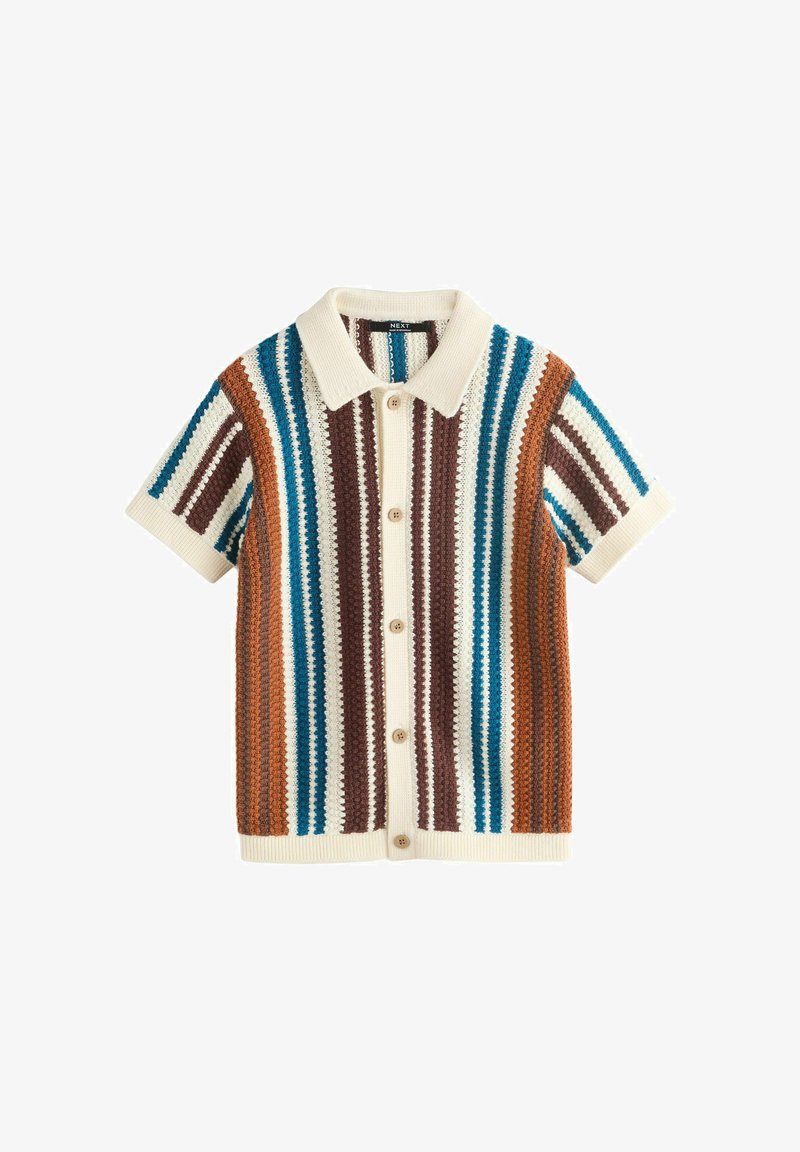 Chemise en maille à manches courtes avec boutons et rayures verticales en crème, marron, rouille, sarcelle et bleu, dotée d'un col pointu.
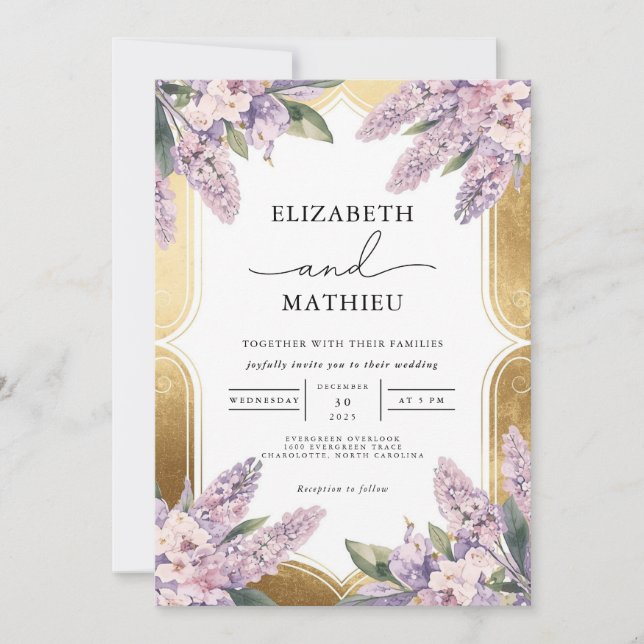 Convites Casamento Floral Botânico Elegante (Frente)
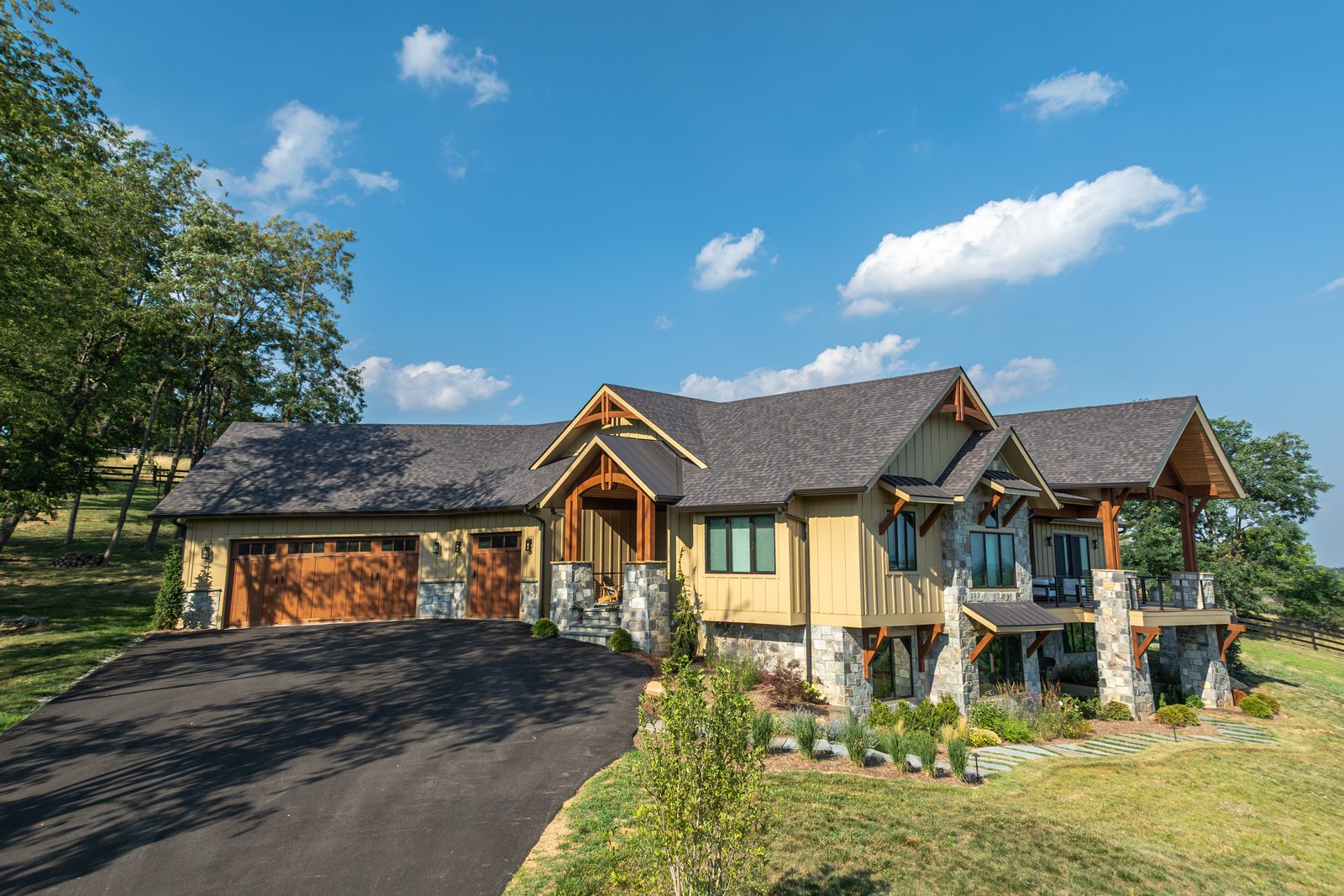 The front of Mountain Craftsman, stone piers under timber gables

● Exercise directions: Print the material above exactly as it appears, but not its pictures.

● Written response:
 Chemise en maille à manches courtes avec boutons et rayures verticales en crème, marron, rouille, sarcelle et bleu, dotée d'un col pointu.
 Convites Casamento Floral Botânico Elegante (Frente)
 The front of Mountain Craftsman, stone piers under timber gables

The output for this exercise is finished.